ON THE SOLUTION OF EQUATIONS OF NONSTATIONARY DIFFUSION IN MULTILAYER ACTIVE MEDIA WITH LINEAR INTERACTIONS

(Presented by Academician I. E. Tamm on 31 V 1966)

Problems in the theory of diffusion in media interacting with diffusing substances have, over the past two decades, found wide application in scientific and engineering practice. The importance of such problems in the study of chain processes is well known. Most such problems have been solved as applied to simple classical domains—a plate, cylinder, sphere, and parallelepiped—under the assumption that the interaction is described by a linear term, i.e., solutions were sought for equations of the form

\[ u_t' = D \Delta u + ku \tag{1} \]

under various boundary and initial conditions. Equation (1) describes diffusion (or heat conduction) in media containing sources \((k > 0)\) or sinks \((k < 0)\), whose productivity is proportional to the concentration (respectively, temperature).

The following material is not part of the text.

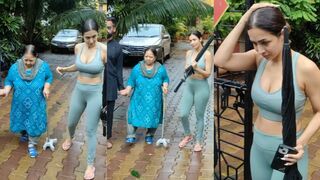 Bollywood Diva Malaika Arora Trying To Help Old Women At Diva Yoga Bandra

Of special interest for practical applications are such problems considered for multilayer media, i.e., for domains with a discontinuous diffusion coefficient \(D\) and a discontinuous coefficient \(k\). In general form, solutions of such problems can be obtained by the operational method using Green’s functions \((^1)\), or by means of finite integral transformations of Grinberg \((^2)\), which make it possible to obtain solutions for anisotropic (with respect to \(D\)) domains in the most general form; however, solutions presented in this form are extremely cumbersome, and obtaining final numerical results is very laborious and difficult.

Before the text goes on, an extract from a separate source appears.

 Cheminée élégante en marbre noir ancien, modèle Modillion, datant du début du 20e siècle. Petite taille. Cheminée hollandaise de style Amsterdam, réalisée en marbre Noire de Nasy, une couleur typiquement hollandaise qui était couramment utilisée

Diffusion fluxes in active media in the linear approximation and for simple domains were also considered in works \((^{3-5})\), in which, however, the question of multilayer domains was not touched upon. In works \((^{6-8})\) a simple method was given for the operational solution of heat-conduction equations without sources in multilayer media, making it possible to obtain final numerical results quite rapidly for the most widely applicable class of problems with initial conditions of the type \(u_j|_{t=0} = \mathrm{const}\) (\(j\) is the layer number). This method admits a natural generalization to the case of linear equations of the form (1).

Applying substitutions of the form \(u_j = U_j e^{k_j t}\) for each of the media, or passing directly to the Laplace transforms of systems of the form (1), we obtain systems of equations for determining the unknown coefficients—functions of the operational variable \(s\)—which are structurally analogous to the equations for systems without sources. In this case the general structure of the principal determinant is preserved, and therefore all conclusions concerning the characteristic roots—the roots of the denominators of the transforms of the solutions—remain valid.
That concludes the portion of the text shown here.